Fig. 6.18. Tees Bay macrofauna {t}. Map of four sampling areas in Tees Bay, NE England, and separate nMDS time-series plots for each area, of the macrobenthic assemblages over 24 years of September sampling; abundances were fourth-root transformed then averaged over the two sites in each area, then input to Bray-Curtis similarity calculation. Bottom left plot is the nMDS of averages of transformed abundances over the 24 time points for the two sites (a-b, c-d, e-f, g-h) in each of the four areas.
Test for Area factor (A)
The schematic below displays the construction of the ANOSIM permutation test for area (A), case 3m/3j¶.

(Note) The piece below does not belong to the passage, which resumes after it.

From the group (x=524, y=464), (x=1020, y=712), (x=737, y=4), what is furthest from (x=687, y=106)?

The building blocks are the 1-way ANOSIM statistics $R$ (or $R^{Oc}$ if A is considered ordered) for a test of the 4 areas, using as replicates the 2 sites in each area, computed separately for each year. These are then averaged over the 24 years, to obtain the overall test statistic for A of $\overline{R}$ (or $\overline{R}^{Oc}$), exactly as for the usual 2-way crossed case A$\times$B met on page 6.7. The crucial difference however is in generating the null hypothesis distribution for this test statistic. Permuting the 8 sites across the 4 areas separately for each year, as the standard A$\times$B test would do, is to assume that the sites are randomly drawn afresh each year from the defined area, rather than determined only once and then revisited each year. The relevant permutation is therefore to keep the columns of this schematic table intact and shuffle the 8 whole columns randomly over the 4 areas, recalculating $\overline{R}$ (or $\overline{R}^{Oc}$) each time. There will be many fewer permutations for the A test under this B$\times$C(A) design (8!/2!2!2!2!4! =105 for the unordered case, compared with $105^{24}$) but what it loses in ‘power’ here it may make up for in improved focus when examining the time factor: subtle assemblage changes from year to year may be seen by returning to the same site(s), and these might otherwise get swamped by large spatial variability from site to site, if the latter are randomly reselected each year.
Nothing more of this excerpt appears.